(TASK DIRECTIONS):
Set down the line containing "Gestuz bluza femei, culoarea" and each line after it through the last line of the records, exactly, leaving pictures out.
== STUDY MATERIAL ==
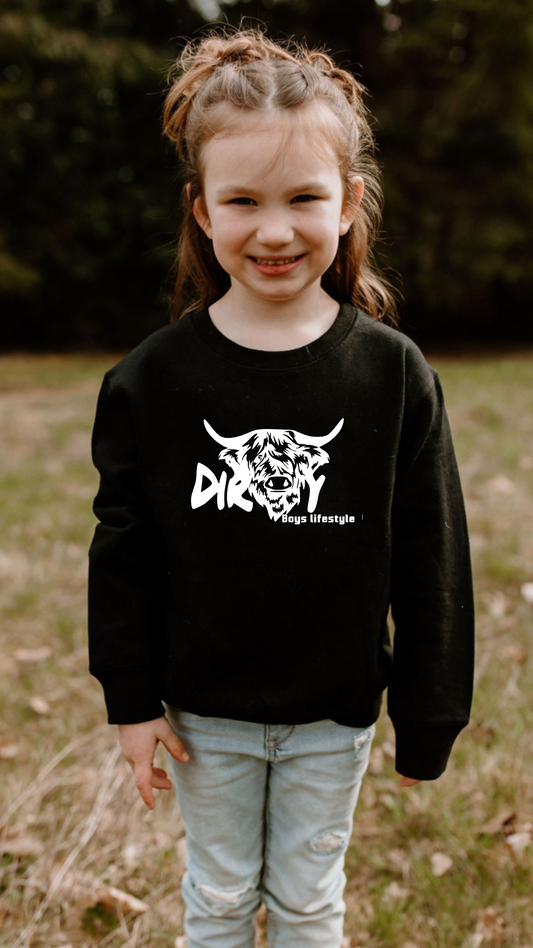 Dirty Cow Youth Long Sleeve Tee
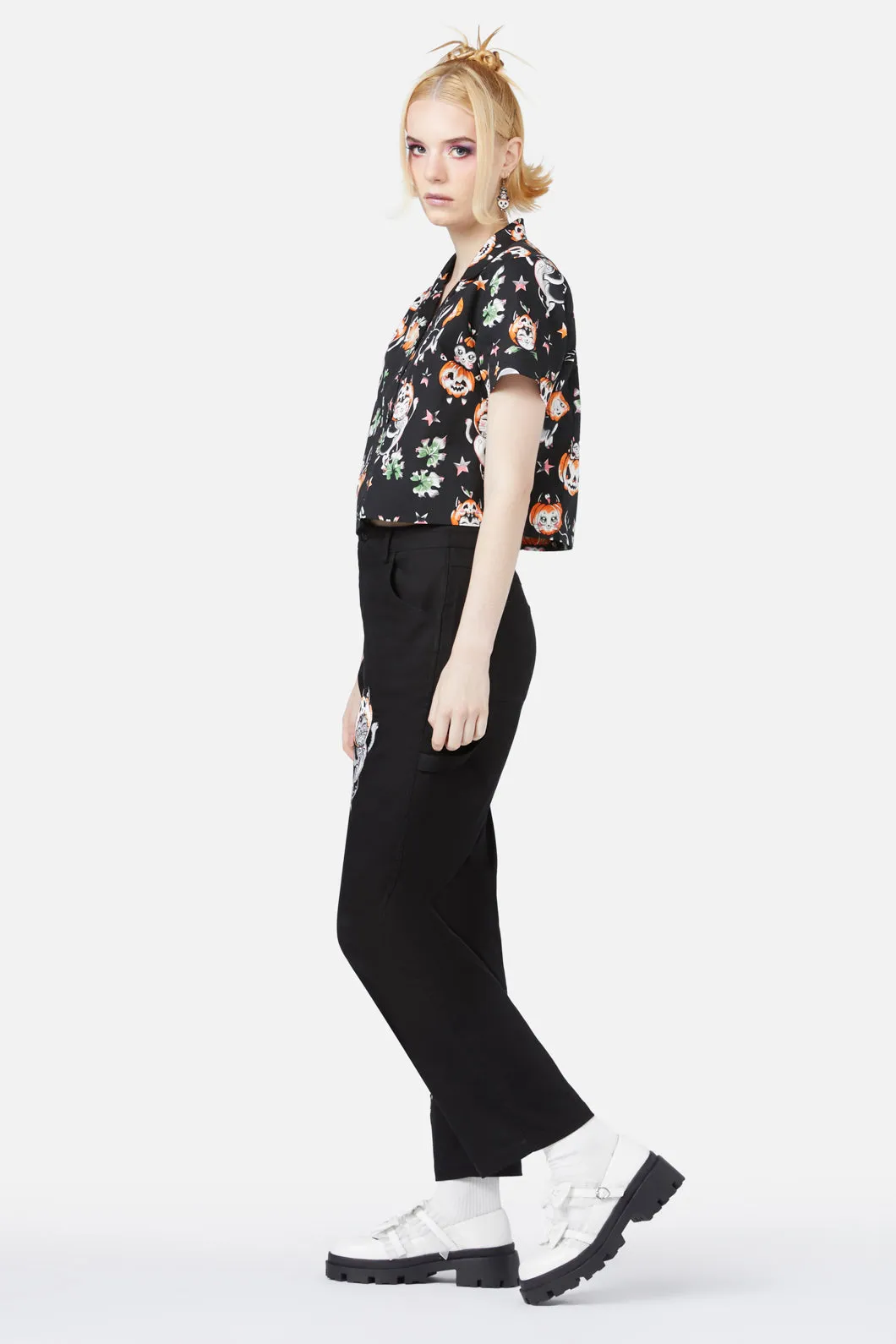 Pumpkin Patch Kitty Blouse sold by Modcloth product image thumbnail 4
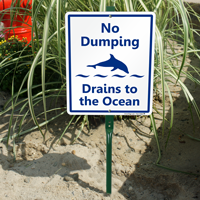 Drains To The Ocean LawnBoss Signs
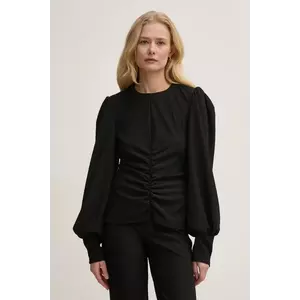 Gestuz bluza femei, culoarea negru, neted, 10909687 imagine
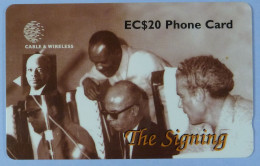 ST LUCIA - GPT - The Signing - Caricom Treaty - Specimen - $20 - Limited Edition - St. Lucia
===
(REPLY):
 Gestuz bluza femei, culoarea negru, neted, 10909687 imagine
 ST LUCIA - GPT - The Signing - Caricom Treaty - Specimen - $20 - Limited Edition - St. Lucia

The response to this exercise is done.